APPA’s Executive Vice President E. Lander Medlin shared key points from the discussion on the website. Click to see the full list, but here are some highlights:

  • “Recognizing the critical need for vast testing and tracing protocols to achieve success, the University of Arizona is “owning” the entire process (virus, antigen, and antibody testing; and rapid turnaround lab results). They have developed a fully digital platform for contact tracing. Smaller institutions without the capability and resources should focus on antigen testing and contact tracing of which the University of Arizona is willing to provide their protocol for tracing, and it is fully scalable.
  • “University of Arizona is performing vast water-based epidemiology. Researchers test the wastewater effluent coming out of the buildings and see the virus spiking in the wastewater before anybody in the building has determined symptoms for themselves. This is powerful and could be a game-changer, especially when used in residence halls for early detection of virus infection and people can be tested before they are showing symptoms.
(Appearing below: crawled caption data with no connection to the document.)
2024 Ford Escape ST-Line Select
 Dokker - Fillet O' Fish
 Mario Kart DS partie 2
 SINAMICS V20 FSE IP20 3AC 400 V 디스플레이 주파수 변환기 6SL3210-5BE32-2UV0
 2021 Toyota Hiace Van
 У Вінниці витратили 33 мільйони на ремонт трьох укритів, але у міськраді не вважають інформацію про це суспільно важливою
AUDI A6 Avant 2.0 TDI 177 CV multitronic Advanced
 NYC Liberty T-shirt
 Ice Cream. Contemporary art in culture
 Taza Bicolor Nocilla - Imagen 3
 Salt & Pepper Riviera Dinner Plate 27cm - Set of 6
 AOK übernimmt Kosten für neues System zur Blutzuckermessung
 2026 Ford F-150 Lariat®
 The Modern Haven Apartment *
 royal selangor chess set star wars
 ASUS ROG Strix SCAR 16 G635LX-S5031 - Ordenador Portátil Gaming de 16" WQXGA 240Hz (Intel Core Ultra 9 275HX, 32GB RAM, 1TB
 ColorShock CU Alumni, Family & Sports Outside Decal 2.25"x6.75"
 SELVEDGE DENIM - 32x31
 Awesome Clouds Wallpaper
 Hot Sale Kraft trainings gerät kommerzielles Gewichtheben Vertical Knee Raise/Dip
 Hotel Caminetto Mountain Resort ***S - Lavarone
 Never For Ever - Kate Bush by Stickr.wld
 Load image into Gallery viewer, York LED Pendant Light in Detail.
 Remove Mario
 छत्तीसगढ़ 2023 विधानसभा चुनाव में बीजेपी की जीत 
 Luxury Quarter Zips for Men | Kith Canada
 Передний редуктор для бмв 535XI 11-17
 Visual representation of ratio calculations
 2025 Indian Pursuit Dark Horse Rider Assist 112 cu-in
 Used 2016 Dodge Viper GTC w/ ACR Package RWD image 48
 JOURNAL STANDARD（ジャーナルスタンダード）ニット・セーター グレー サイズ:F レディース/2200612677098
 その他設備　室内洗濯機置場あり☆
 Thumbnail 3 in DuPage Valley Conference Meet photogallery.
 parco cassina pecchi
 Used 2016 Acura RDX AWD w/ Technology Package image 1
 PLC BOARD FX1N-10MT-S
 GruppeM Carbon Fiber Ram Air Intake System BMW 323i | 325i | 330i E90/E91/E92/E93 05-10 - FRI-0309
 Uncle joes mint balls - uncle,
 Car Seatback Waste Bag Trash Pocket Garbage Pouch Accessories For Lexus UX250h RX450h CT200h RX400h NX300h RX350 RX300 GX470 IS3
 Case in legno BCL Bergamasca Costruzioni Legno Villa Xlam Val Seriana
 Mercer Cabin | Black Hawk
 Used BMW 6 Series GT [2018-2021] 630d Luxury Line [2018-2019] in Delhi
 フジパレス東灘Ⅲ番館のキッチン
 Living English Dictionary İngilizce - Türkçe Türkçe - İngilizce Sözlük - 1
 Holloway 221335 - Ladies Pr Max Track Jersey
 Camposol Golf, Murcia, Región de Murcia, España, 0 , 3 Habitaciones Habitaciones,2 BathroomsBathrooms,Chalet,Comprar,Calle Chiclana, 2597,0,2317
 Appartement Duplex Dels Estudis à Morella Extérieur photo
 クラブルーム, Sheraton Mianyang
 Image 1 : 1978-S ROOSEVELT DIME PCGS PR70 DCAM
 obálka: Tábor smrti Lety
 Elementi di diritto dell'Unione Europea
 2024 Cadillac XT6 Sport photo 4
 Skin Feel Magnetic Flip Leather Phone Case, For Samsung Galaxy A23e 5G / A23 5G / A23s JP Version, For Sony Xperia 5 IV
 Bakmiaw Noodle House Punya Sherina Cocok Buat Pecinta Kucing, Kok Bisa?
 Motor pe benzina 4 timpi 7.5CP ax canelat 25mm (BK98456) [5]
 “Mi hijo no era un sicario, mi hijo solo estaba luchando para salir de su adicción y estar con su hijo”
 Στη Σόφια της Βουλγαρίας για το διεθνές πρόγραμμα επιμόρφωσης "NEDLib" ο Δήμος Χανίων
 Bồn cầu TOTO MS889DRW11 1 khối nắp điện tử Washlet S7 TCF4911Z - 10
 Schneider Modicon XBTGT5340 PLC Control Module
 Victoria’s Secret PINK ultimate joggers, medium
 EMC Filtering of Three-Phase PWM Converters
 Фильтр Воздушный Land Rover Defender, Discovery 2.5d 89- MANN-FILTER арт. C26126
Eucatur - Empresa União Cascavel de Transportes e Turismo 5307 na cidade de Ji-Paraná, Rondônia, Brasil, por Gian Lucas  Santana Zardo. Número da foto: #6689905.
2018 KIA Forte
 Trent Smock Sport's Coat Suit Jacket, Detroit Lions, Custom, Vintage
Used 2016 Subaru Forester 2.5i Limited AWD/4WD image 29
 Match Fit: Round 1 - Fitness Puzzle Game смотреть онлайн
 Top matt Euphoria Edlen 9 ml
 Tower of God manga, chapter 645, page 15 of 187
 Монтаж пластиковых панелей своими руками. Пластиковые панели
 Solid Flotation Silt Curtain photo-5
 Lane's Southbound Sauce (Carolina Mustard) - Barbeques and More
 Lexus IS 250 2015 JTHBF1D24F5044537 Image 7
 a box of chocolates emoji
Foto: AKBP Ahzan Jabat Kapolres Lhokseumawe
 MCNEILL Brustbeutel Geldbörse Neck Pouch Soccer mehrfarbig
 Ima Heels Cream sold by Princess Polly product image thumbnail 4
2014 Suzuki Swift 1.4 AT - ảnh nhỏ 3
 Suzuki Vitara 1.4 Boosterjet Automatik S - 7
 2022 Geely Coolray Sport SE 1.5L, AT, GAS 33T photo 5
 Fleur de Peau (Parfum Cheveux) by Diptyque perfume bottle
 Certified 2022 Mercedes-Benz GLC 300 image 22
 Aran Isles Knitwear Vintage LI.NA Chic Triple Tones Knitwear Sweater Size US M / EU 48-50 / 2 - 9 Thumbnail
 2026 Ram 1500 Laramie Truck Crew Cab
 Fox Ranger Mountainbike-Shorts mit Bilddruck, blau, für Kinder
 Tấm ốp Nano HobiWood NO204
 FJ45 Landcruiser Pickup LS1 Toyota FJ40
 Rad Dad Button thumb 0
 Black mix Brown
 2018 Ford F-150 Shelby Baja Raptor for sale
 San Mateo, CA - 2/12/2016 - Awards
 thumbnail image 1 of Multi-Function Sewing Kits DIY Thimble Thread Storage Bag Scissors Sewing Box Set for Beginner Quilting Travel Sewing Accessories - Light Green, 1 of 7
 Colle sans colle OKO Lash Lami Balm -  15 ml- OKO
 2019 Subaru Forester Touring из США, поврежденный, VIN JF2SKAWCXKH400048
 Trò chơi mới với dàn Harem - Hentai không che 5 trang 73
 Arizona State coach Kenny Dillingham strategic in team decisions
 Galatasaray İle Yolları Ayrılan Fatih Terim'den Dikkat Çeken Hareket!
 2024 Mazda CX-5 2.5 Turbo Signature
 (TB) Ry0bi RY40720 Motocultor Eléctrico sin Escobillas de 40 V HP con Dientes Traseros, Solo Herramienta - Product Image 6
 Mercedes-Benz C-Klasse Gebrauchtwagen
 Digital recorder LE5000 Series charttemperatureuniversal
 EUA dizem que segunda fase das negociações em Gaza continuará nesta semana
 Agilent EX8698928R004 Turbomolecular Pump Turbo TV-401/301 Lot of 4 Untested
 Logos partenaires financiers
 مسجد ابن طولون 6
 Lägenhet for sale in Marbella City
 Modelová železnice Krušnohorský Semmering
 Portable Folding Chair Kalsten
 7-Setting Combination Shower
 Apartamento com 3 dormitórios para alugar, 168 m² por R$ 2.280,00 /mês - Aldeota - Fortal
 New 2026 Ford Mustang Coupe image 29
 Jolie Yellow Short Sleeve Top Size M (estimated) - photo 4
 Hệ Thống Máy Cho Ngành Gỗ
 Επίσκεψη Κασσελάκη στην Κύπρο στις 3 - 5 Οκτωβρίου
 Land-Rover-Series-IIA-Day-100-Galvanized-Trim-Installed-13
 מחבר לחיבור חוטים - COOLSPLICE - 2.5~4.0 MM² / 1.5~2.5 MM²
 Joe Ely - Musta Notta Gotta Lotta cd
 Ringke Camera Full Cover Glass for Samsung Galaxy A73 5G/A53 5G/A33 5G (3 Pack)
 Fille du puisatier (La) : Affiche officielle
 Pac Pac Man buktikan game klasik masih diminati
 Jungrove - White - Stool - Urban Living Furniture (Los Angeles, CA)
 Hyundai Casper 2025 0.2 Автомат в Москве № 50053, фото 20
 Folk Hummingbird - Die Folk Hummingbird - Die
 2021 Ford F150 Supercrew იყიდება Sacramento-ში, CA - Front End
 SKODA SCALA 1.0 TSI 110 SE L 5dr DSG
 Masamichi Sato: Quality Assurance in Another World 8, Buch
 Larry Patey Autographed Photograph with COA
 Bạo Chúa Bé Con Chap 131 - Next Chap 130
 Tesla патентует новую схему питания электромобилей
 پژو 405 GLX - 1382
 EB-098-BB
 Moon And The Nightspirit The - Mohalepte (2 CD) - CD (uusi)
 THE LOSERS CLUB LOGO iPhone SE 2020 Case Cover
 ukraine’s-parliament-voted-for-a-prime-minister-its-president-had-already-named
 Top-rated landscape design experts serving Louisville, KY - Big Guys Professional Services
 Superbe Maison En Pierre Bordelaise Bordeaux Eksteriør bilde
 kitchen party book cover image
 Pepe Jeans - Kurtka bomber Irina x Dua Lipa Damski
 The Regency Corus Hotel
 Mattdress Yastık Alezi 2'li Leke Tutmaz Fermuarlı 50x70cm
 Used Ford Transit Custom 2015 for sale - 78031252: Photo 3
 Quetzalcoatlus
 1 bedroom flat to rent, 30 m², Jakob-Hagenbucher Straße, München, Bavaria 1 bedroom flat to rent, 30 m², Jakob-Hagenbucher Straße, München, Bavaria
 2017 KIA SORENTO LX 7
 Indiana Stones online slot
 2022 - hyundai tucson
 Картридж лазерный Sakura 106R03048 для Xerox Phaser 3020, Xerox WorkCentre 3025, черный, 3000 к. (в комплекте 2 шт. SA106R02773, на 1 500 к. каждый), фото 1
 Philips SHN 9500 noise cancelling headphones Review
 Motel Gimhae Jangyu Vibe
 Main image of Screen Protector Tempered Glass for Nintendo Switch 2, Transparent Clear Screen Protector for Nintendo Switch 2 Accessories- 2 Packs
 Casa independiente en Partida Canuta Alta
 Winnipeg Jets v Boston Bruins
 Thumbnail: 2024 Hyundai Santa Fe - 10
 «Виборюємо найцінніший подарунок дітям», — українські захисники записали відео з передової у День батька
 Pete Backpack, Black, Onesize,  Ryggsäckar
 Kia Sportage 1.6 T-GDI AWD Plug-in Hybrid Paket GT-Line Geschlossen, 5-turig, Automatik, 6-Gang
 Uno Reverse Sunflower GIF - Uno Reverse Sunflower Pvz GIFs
This will further assist in getting on top of clusters quickly.
  • “Faculty, students, and administrative staff are being further accommodated with “disinfection supply kits.” The decision to mandate face coverings/masks is still in limbo.
  • “Most institutions are requiring masks in public spaces and especially when 6’ social/physical distancing cannot be maintained.
  • “Signage and markers on furniture and floors for 6’ social distancing queuing are a given for every building entrance, high traffic areas, and classrooms.
  • “Plexiglas shields are being widely explored for use in customer service areas, some work stations, teacher protection, etc.
  • “Very few, if any, institutions have decided to add cleaning between classes.
  • “Shutting off water fountains has not been the norm, with instructional signage and water bottle filling stations preferred.
  • “Most institutions are implementing electrostatic spraying and fogging when they can obtain and/or afford the equipment.
  • “Spelman is exploring ionization instead of UV lighting for further disinfection in air handlers.”